This week, the Department of Energy announced new rules to phase incandescent light bulbs out of production and sale in the United States before a ban takes effect in 2023.
The department’s rules state bulbs must have a minimum efficiency of 45 lumens per watt—a measurement of how much light is produced for a unit of electricity. The average incandescent bulb produces 15 lumens per watt, reports Gizmodo’s Kevin Hurler. LED lighting efficacy ranges up to 150 lumens per watt, per the DOE.
The rules also “expand energy-efficiency requirements to more types of light bulbs,” writes Mark Lennihan for the Associated Press.
The move should cut carbon emissions by 222 million metric tons over the next 30 years and will save consumers $3 million per year on utility bills, per a statement from the DOE. Good-quality LED products last 30,000 to 50,000 hours or longer, while an incandescent lamp only lasts about 1,000 hours, per the department.
“By raising energy efficiency standards for lightbulbs, we’re putting $3 billion back in the pockets of American consumers every year and substantially reducing domestic carbon emissions,” U.S. Secretary of Energy Jennifer M. Granholm says in the statement. “The lighting industry is already embracing more energy efficient products, and this measure will accelerate progress to deliver the best products to American consumers and build a better and brighter future.”
Congress and past presidential administrations pushed for years to ban inefficient light bulbs, but in 2019, the Trump administration slowed the phaseout, saying “what’s saved is not worth it,” per the AP.
LED lighting has been on the rise in the U.S. over the past five years.

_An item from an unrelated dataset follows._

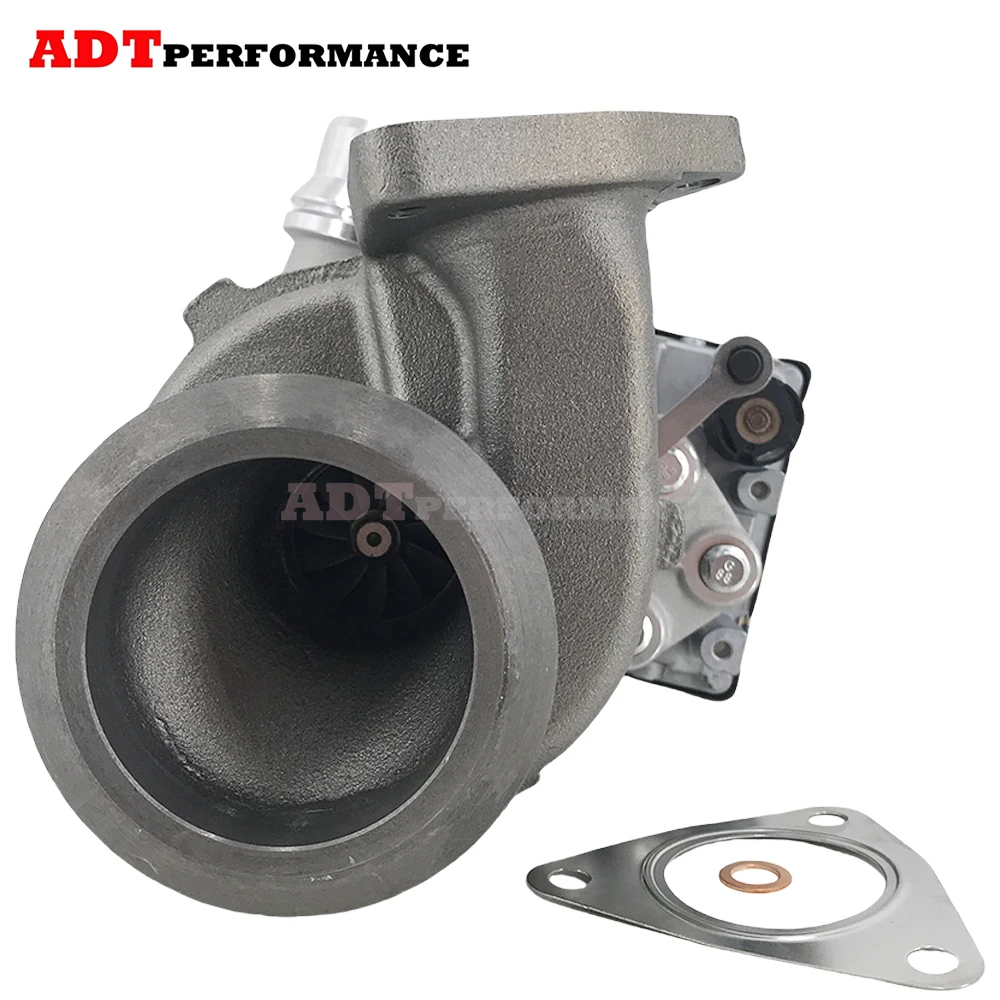 

TF035HL Turbo 49335-01970 49335-01960 49335-01950 LR083483 Turbine for Jaguar F-Pace XE XF 2.0 Land-Rover Discovery Evoque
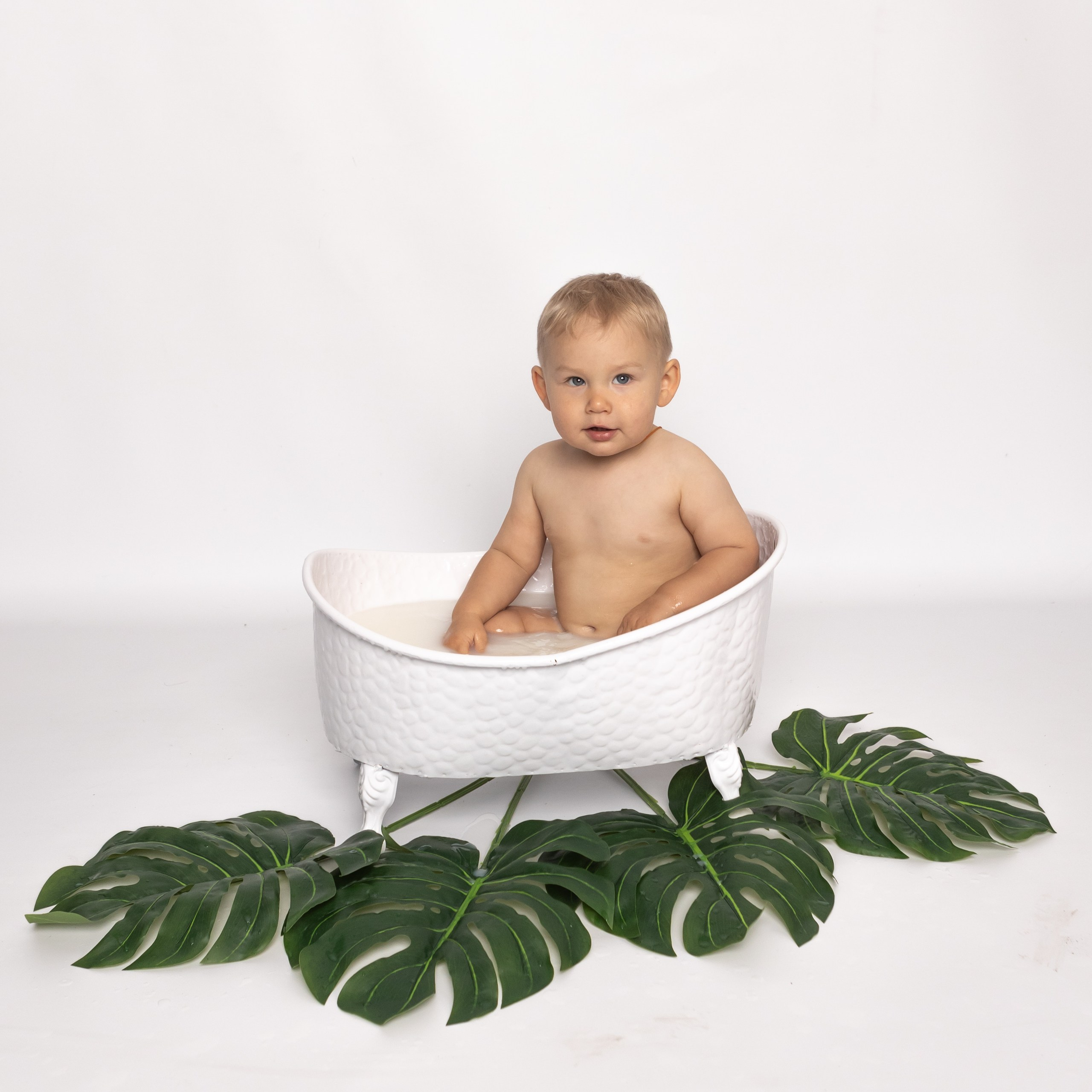 Годовасие. Фотограф новорожденных. Детский и семейный фотограф Марьяна Юдина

In 2020, nearly half of American households reported using LED lights for most or all of their indoor lighting, compared to only 4 percent in 2015.
The New York Times’ Hiroko Tabuchi reports light bulb manufacturers say pivoting away from incandescent bulbs too quickly would damage their bottom line and already-manufactured bulbs would presumably be destined for landfills.
But environmental groups praise the move, saying incandescent bulbs waste energy and harm the environment.
“LEDs have become so inexpensive that there’s no good reason for manufacturers to keep selling 19th-century technology that just isn’t very good at turning electrical energy into light,” Steven Nadel, executive director of the American Council for an Energy-Efficient Economy, says in a statement. “This is a victory for consumers and for the climate — one that’s been a long time coming.”